At times they are visually isolated, keeping each other warm from the harsh, brutal surroundings at the centre of wide frames, two against the world. Their lives are intertwined, leading to a dramatic climax that avoids the saccharine in favour of the genuinely emotional.
6. Under the Pavement Lies the Strand (1975)
By the mid-seventies the German student movement had given way to the clandestine radicalism of the Red Army Faction but its significance remains immeasurable.
By raising political questions such as the crimes of their parents’ generation, the increasing authoritarianism of the new ‘democratic’ state and its diplomatic support for numerous dictatorial regimes internationally, the students had faced the wrath of successive governments and the vicious right-wing press. They were vilified and violently repressed, giving way to the demoralisation that made transitions to ultra-vanguardism (such as Ulrike Meinhof’s) possible.
It is in this context that Under the Pavement Lies the Strand finds Grischa (Grischa Huber) and Heinrich (Heinrich Giskes) increasingly disillusioned with their own revolutionary ideas. The empowerment of being part of a mass movement is gone but new struggles are emerging that challenge the division of the personal and political.
Director Helma Sanders-Brahms, a highly influential feminist voice in New German Cinema, incisively employs Grischa as the centrepiece in her study of women’s oppression and liberation. She is equally capable of dealing with both the people and the ideologies that were left to make sense of the sixties’ aftermath.
7. The Lost Honour of Katharina Blum (1975)
It’s a cliché to describe political dramas as ‘surprisingly relevant’ (or words to that effect) and yet it would do The Lost Honour of Katharina Blum a disservice to fail to point out it is exactly that. Newlyweds Margarethe von Trotta and Schlöndorff’s only co-directed feature depicts the tabloid press at its most vicious while hounding a young housekeeper with libellous claims that she is an active member of the Red Army Faction after spending the night with a fugitive.
The film is an adaptation of Heinrich Böll’s novel of the same name, in turn based on his own experiences of being harassed by the yellow press and police alike after criticising Bild-Zeitung’s sensationalist coverage of the RAF.
Forty years after its release it remains apposite, reflecting more modern events such as the post-9/11 hysterical xenophobia in the Western media and the ruthlessness of certain news outlets’ methods, as evidenced by the News International phone hacking scandal. In the context of the Charlie Hebdo attack its musings on the freedom of the press and the tendency of some to abuse those liberties are made even more pertinent.

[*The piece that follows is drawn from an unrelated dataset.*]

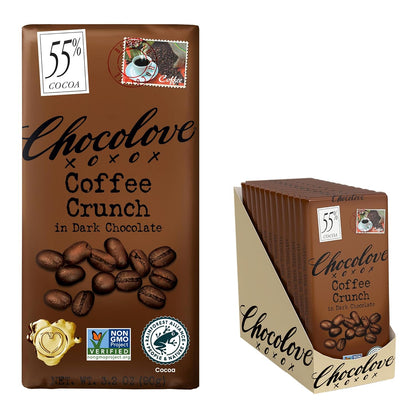 Chocolove - Dark Chocolate Bar Coffee Crunch - 3.2 oz pack of 12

While Schlöndorff bought the biting, bitter satirical edge to the film, von Trotta’s influence is obvious in its commitment to social realism. Together with Angela Winkler’s monumentally strong performance in the titular role, she crafts an atmosphere in which Katharine is constantly resisting not just attempts to demonise and degrade her but an entire political system that holds her in even greater suspicion on account of her gender.
The police and the particularly nasty tabloid hack covering her case are evidently emasculated by her refusal to indulge their curiosities and her principled insistence on her own autonomy in every aspect of life. Here we can see the beginnings of von Trotta’s career that would culminate in her becoming one of the influential feminist filmmakers of post-war Europe.